Malgré sa position bien campée, Doris Ogilvie rappelle l’accès récemment accru aux méthodes de contraception. En 1969, le fédéral a aussi rendu légal le partage d’information sur la régulation des naissances. L’année suivante, les commissaires réclament une promotion plus assumée, financée par l’État, et proposent la création de cliniques mobiles.

3. Le maintien du statut pour les femmes autochtones
Obtention : 1985
Recommandation : «La Commission recommande que la Loi sur les Indiens soit modifiée de façon à ce qu’une femme indienne qui épouse un homme qui n’est pas indien puisse (a) garder son statut d’Indienne et (b) conférer le statut d’Indien à ses enfants.»
En vertu de la Loi sur les Indiens, une femme autochtone qui épousait un allochtone devait renoncer à son statut d’Indienne et quitter pour toujours la réserve dans les 30 jours suivant son mariage. À leur tour, ses enfants n’auraient pas le statut d’Indien. À l’inverse, un Autochtone qui épousait une allochtone ne perdait pas de droits enchâssés dans la Loi.
La Commission recommande donc que les statuts de l’épouse et de ses enfants soient maintenus. À noter qu’elle prend la même position pour les femmes qui ont perdu la nationalité canadienne en épousant un étranger.

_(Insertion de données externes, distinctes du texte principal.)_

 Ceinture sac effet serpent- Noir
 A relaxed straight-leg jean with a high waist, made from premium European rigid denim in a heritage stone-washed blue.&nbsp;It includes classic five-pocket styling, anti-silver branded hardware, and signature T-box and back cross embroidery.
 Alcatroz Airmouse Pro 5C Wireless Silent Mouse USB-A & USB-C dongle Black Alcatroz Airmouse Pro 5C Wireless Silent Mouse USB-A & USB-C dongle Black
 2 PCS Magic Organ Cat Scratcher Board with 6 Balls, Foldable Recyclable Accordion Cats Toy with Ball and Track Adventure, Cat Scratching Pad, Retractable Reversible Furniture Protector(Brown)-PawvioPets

À ce chapitre, relevons que la double citoyenneté est permise à partir de 1977.
Pour les Autochtones, il faut attendre 1985, sous la pression de la Charte canadienne des droits et libertés, pour que la Loi soit corrigée et que les femmes autochtones et leurs enfants métissés puissent conserver leur statut.

4. L’égalité des chances
Recommandation : «La Commission recommande que les sociétés et agences de la Couronne élaborent un programme à long terme afin de faire meilleur usage de leur personnel féminin.»

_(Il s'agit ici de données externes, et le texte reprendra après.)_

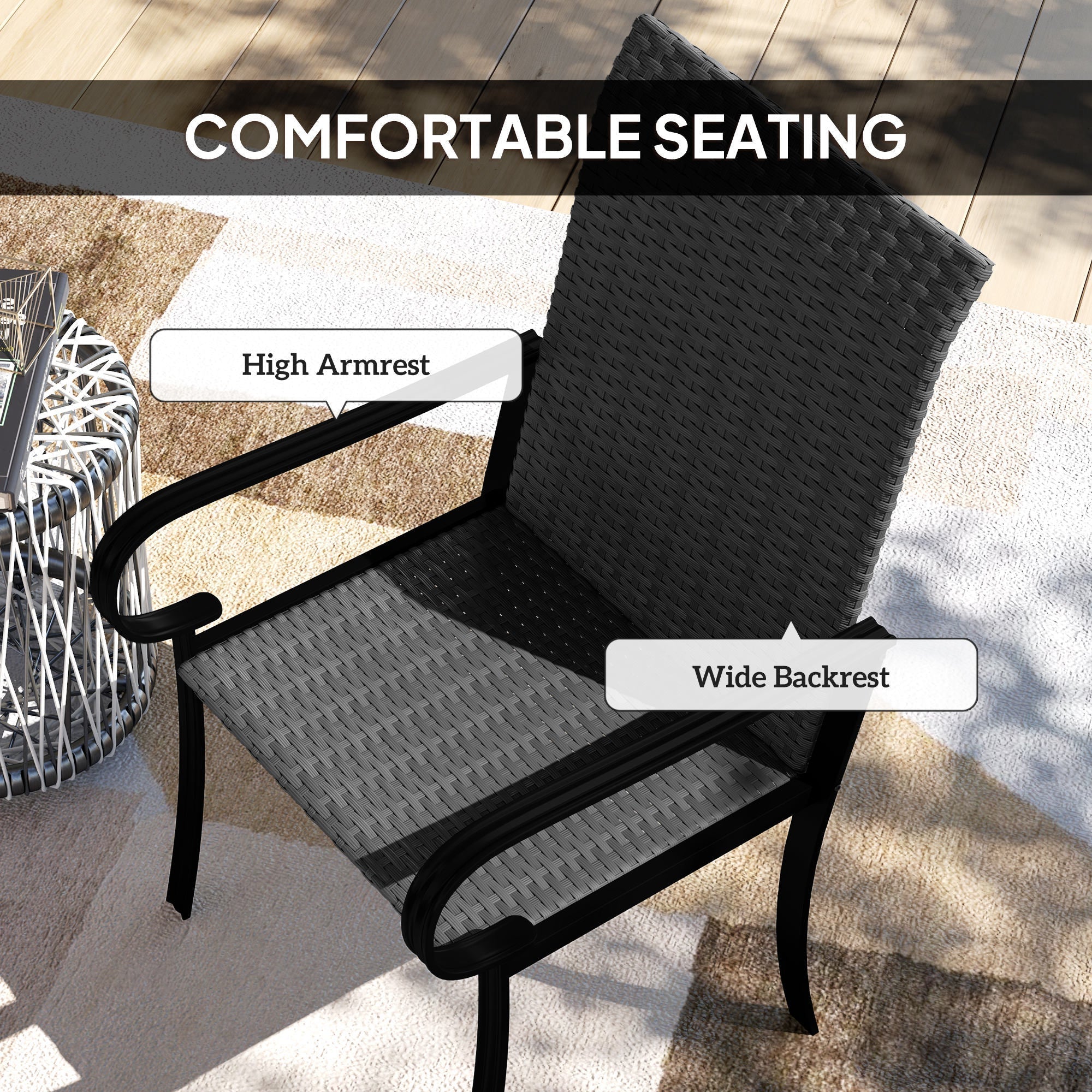 Outsunny 4 Piece PE Rattan Patio Dining Chairs with Steel Frame,  for Garden, Backyard, Pool Side, Porch, Black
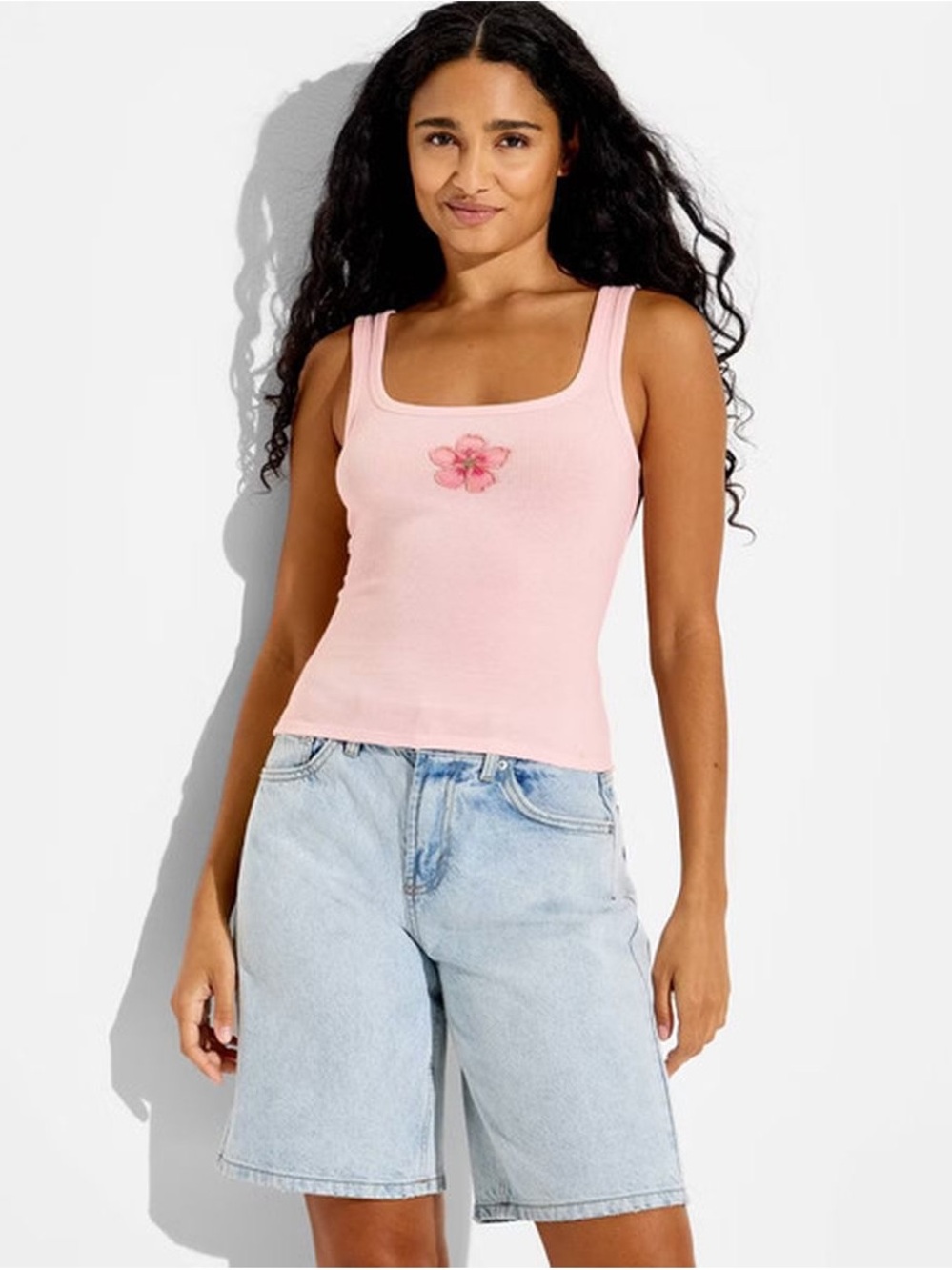 Pink beaded flower Square-Neck Tank Top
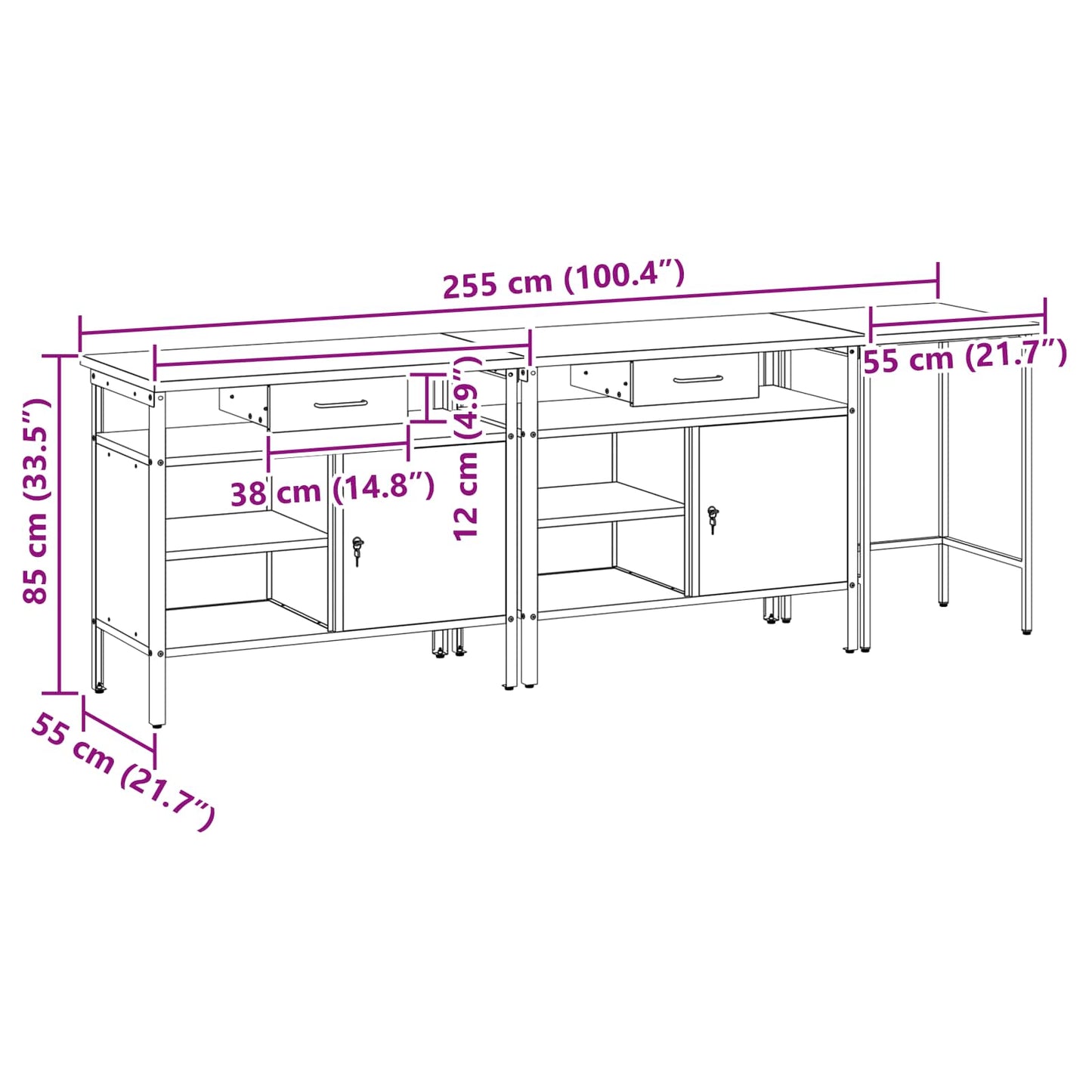 Werkbank-Set 3 pcs Schwarz und Grau Pulverbeschichteter Stahl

Avoir droit au même salaire minimum qu’un homme. Pouvoir faire partie d’un jury. Avoir une plus grande chance de faire partie d’un conseil ou d’un groupe de travail. Avoir accès à toutes les catégories d’emploi et à tous les échelons chez un employeur. Pouvoir s’engager comme policière dans la GRC ou devenir commandante dans les Forces armées. Voir reconnaitre son expérience dans les organisations bénévoles et au foyer. On continue?
La Commission s’attarde longuement à l’accès au marché du travail, aux possibilités d’avancement et au salaire égal pour les femmes. Elle propose d’ailleurs de forcer temporairement l’accès des femmes aux divers échelons de la fonction publique afin de rééquilibrer leur représentation. La Commission vise le fédéral (parlement, administration, sociétés d’État, GRC et armée), mais invite aussi les provinces, les territoires et les municipalités à en faire autant.

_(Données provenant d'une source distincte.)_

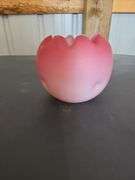 Vintage Mt Washington Satin Glass Lusterless White & Pink Wash Pinched Rose Bowl
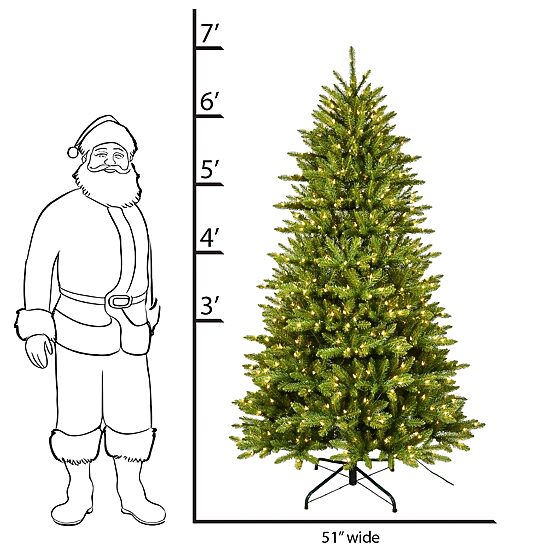 Traditional 7 Foot Pre-Lit Fir Christmas Tree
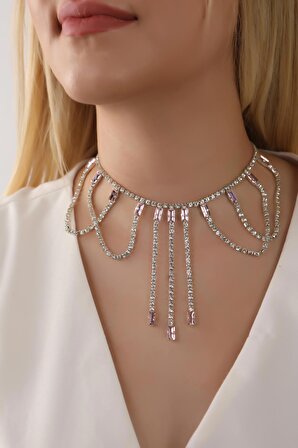 Stylish Su Yolu Pembe Taşlı Çok Taşlı Choker Kolye Tasarım Choker Kolye Gerdanlık Boyunluk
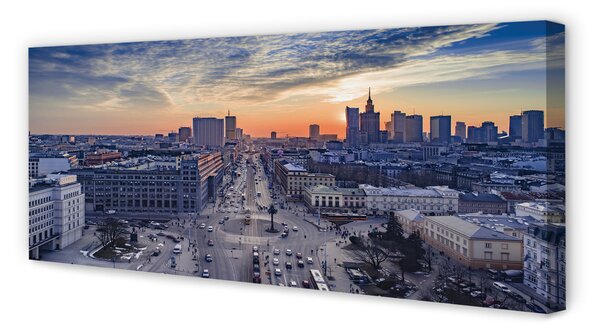 Tablouri canvas Varșovia zgârie-nori Apus de soare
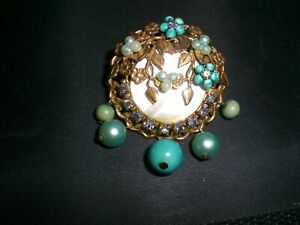 Vintage Mother-of-Pearl Rhinestone Brooch with Flowers and Leaves Intricate Desi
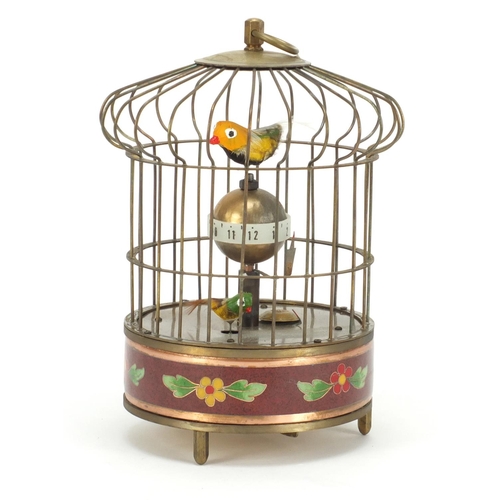 2115 - Clockwork automaton enamel bird cage alarm clock, 20cm high
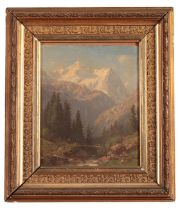 ENGLISH SCHOOL, 19th century An alpine landscape with a figure and a bridge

Les banques et les entreprises privées sont aussi ciblées. Les commissaires montrent du doigt les offres d’emploi discriminatoires, l’exclusion de certains postes et la gestion de la main-d’œuvre à temps partiel.
Assurez «le meilleur usage possible [des] aptitudes et compétences» des femmes, somme la Commission.

5. L’obtention de congés de maternité
Obtention : 1971
Recommandation : «La Commission recommande l’amendement de la loi [fédérale] […] et l’adoption de lois provinciales et territoriales visant à assurer à toutes les employées (a) le droit à un congé de maternité de 18 semaines ; (b) le droit à un congé obligatoire de six semaines après l’accouchement […]»
Le congé de maternité admissible à l’assurance-chômage est sans doute l’un des gains les plus connus de la Commission Bird. Lors du dépôt du rapport, des régimes de maternité existent dans certaines provinces — la Colombie-Britannique est pionnière en la matière, puisqu’elle offre six semaines de congé aux nouvelles mères dès 1921. L’objectif : que les femmes ne perdent pas leur travail pour des raisons de maternité.
Le régime fédéral d’assurance-chômage donne suite à la recommandation et prévoit, dès 1971, un congé de maternité de 15 semaines — trois semaines de moins que ce que réclame la Commission.
Les politiques provinciales sont réformées en Colombie-Britannique en 1964 et d’autres sont mises en place au Québec, à Terre-Neuve et à l’Île-du-Prince-Édouard en 1979 pour compenser les carences du régime fédéral.